There were a few forerunners in classical economics that predated and influenced Adam Smith’s concepts relating to the individual. One forerunner was Sir Dudley North who advocated for more lassaiz-fair trade within and among nations. Unlike the mercantilists, North recognized trade to be a mutual advantage by way of exchange in surplus, not specie. Another forerunner was Richard Cantillon who provided a foundation of thought for Adam Smith and individualism with the term “entrepreneur”. He also gave way to Smith by developing a theory of value and of price. Smith would later take the term value and break it down into two interpretations, “value in use” and “value in exchange”. David Hume was closely linked in thought with Adam Smith. Hume developed the price specie flow mechanism and showed awareness to the elasticity of demand which would later be enhanced by Smith.
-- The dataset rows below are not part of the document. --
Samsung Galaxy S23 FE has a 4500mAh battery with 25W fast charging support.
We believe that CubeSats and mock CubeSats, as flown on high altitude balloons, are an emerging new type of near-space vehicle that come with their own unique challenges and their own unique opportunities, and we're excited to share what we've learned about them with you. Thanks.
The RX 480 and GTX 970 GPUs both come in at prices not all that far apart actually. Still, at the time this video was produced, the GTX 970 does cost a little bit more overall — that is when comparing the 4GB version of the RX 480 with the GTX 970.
All of these men had thoughts that touched on individual principals. They opened doors for Adam Smith’s interpretations to influence much of what we see in mainstream economics.
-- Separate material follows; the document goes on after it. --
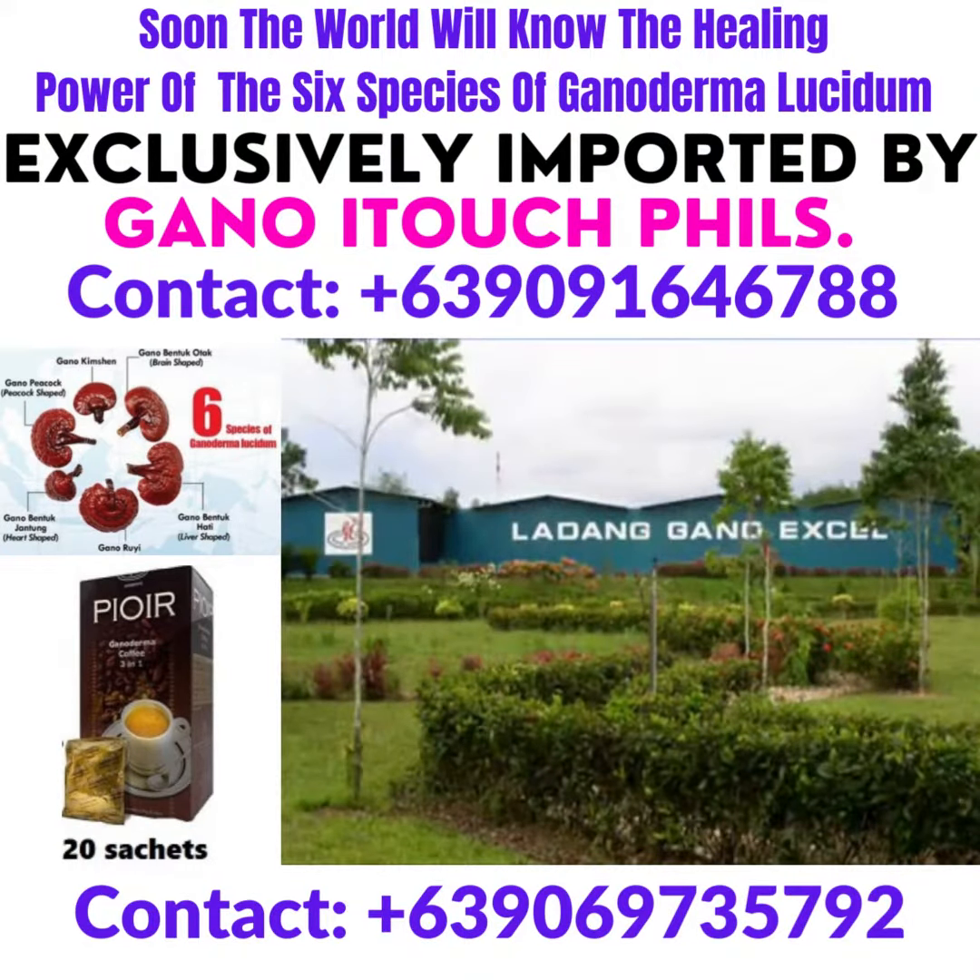Welcome to the Gano-XL International Plantation in Malaysia, the largest Ganoderma organic plantation in the world.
Adam Smith lived in what was known as the time of enlightenment, or the age of reason. This was a period with two key dimensions throughout the eighteenth century; the people’s reasoning ability and the concept of natural order. The enlightenment as well as the physiocrats and their “imperfections” (Brue, 2007) are said to have had a major impact on Adam Smith’s views of the economy. Adam Smith provided his own views to the masses through the publication of his two books, The Theory of Moral Sentiments, and The Wealth of Nations. The content in these two books shows just how advanced Adam Smith’s perception of the economy was compared to others. He breaks down the idea of one person having sympathy for another. He says people enjoy seeing others happy even if it has no effect on their own lives. Smith also dives into the division of labor in the first chapter of his book, Wealth of Nations. This concept opens the reader to more economic thought based on individualism. At the time it was assumed that only the exchange of goods and agriculture added to the wealth of a country. By Smith’s division of labor, he opened many minds by introducing the idea of taking the same amount of workers and increasing their level of productivity individually, thus increasing output and providing more goods for exchange.
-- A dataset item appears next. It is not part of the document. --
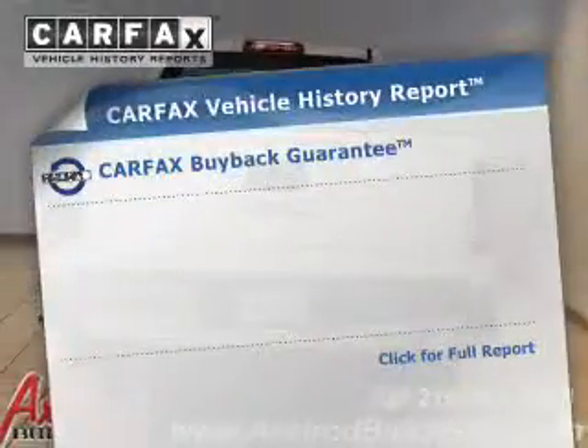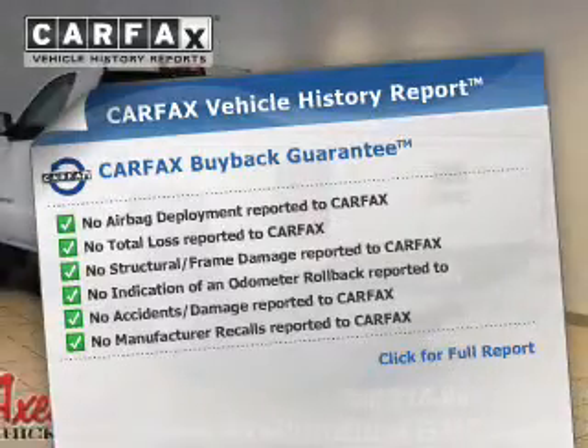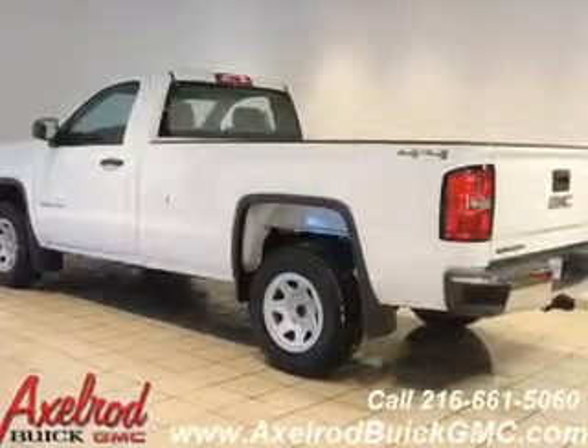Rest easy knowing this vehicle comes with a Carfax Vehicle History Report from Carfax, the most trusted provider of vehicle history information. Great quality at a great price. Call or click to contact us today.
Smith’s harmony of interests and limited government theories really advocated individualism. In these views each individual in an economy intends to pursue his or her own self-interests and he or she unintentionally affect the interests of others in doing so. Workers seek out the highest paid jobs in a society, consumers the cheapest prices, and producers seek to maximize profit (cheap labor, increased productivity, etc.). All of these individual interests are part of the natural order of the economy. Smith uses the example of an invisible hand in the economy, a concept we hear so often today. This invisible hand represents competition among different individuals in the economy leading to innovation and increased creativity among individuals, thus making them happier and more intelligent as workers. There is a certain value given to goods by way of the invisible hand and natural order. This value helps set natural prices and wages for producers, consumers, and laborers.
As stated in the opening paragraph there are two interpretations of value; “value in use” and “value in exchange”. Smith explains that most often one can find value in the use of something while it has no value in exchange, and vice versa. His value theory in an advanced economy is very similar to what we see in our service based economy today. Simply put, his theory states that the real value of commodities is not a measure of the labor put into them, but the amount of labor that can be obtained with those commodities. The amount of labor that can be obtained exceeds the amount of labor that was used in the production of the commodity.
It seems that one of Smith’s most recognizable contributions to the individualism versus collectivism debate is in his theory on efficiency wages. In the 2008 recession we saw a huge decrease in employment and little change in prices and wages. Some employees during the time were able to keep their jobs. These employees were receiving efficiency wages, or higher than market clearing wages. Their wages are what kept them motivated to make it to work every day and stay productive. Companies cut low wage and low skilled employees and retained the employees that they had invested in through job training and education. In the highly competitive economic landscape today, we look around and see individuals competing and trying to obtain certain sets of skills that keep them valuable in their place of business. An individual’s knowledge is key to his success.
Brue, Stanley L., and Randy R. Grant. The Evolution of Economic Thought. Mason, OH: Thomson/South-Western, 2007. Print.